:: Task input

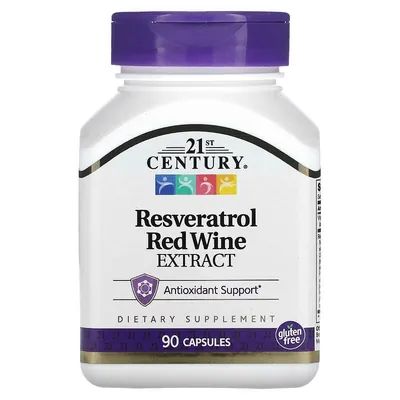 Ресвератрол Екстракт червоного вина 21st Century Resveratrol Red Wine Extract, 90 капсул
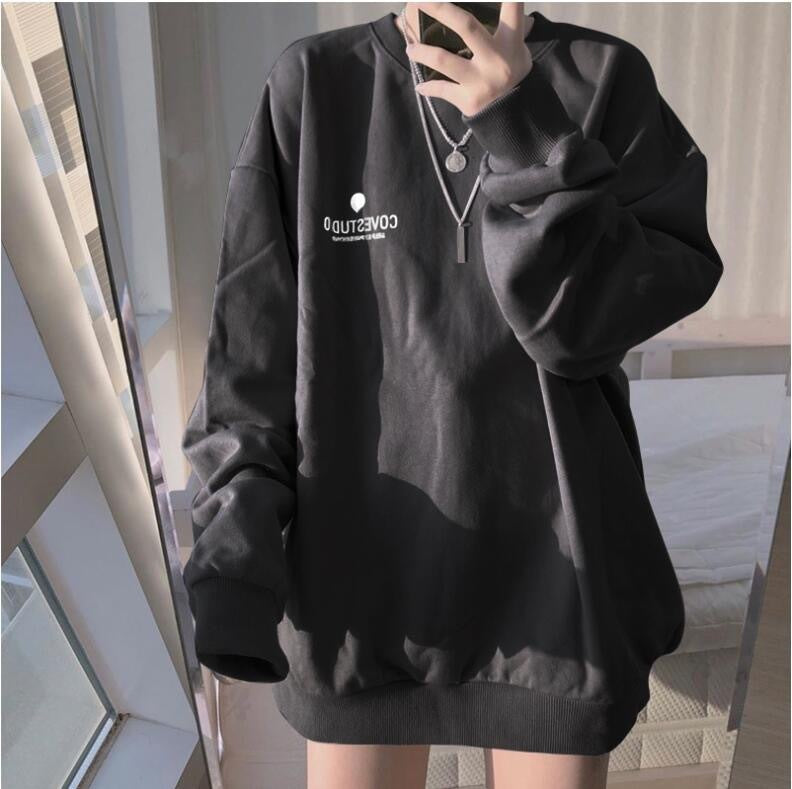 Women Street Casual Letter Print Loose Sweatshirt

::::
:: Task input

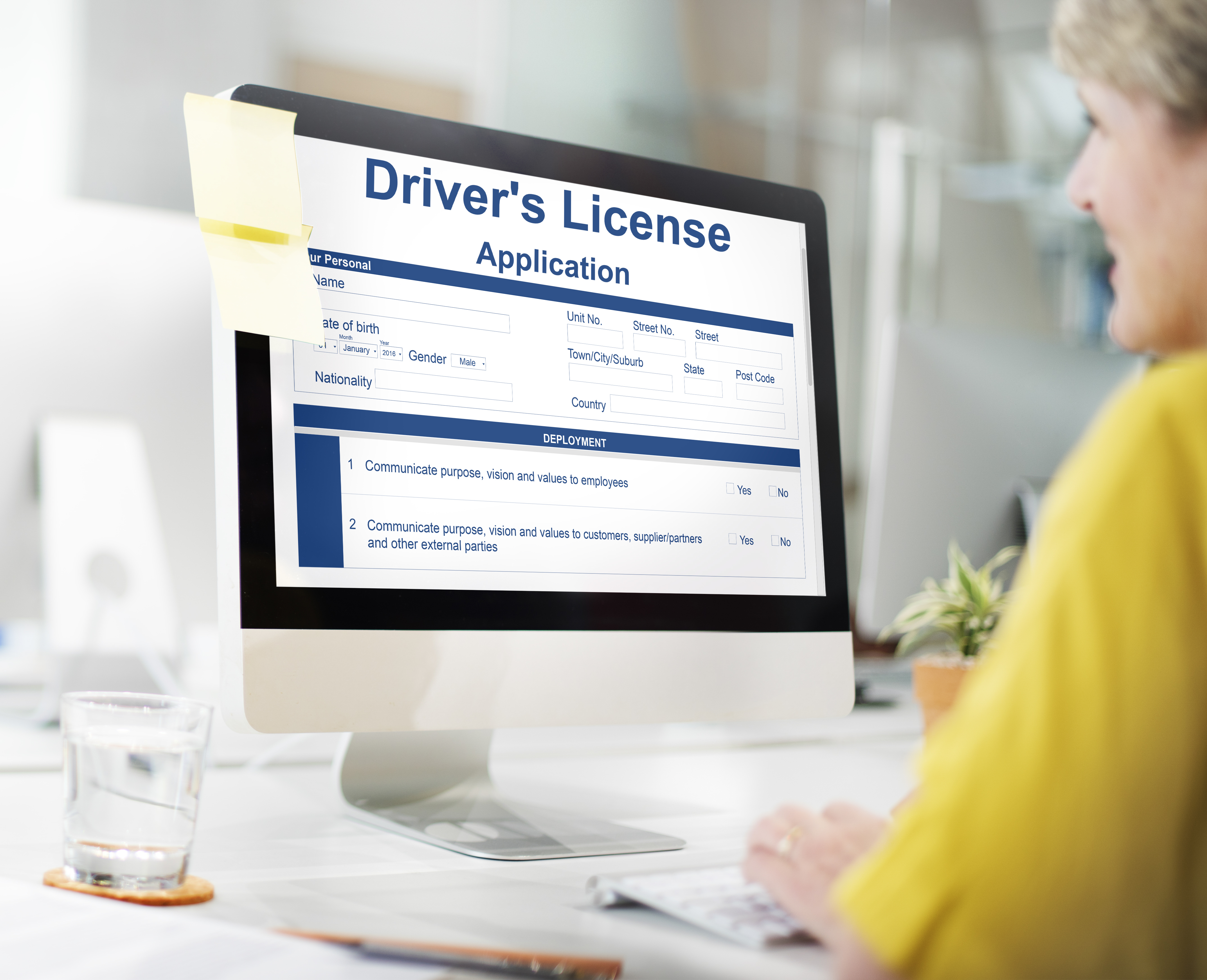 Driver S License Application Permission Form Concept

::::

• [Problem requirements]:
Only one part of the material above is wanted: the lines from the one with "Ресвератрол Екстракт червоного" up to and including the one with "Women Street Casual". Please copy them exactly, pictures left out.

• [Response below]:
 Ресвератрол Екстракт червоного вина 21st Century Resveratrol Red Wine Extract, 90 капсул
 Women Street Casual Letter Print Loose Sweatshirt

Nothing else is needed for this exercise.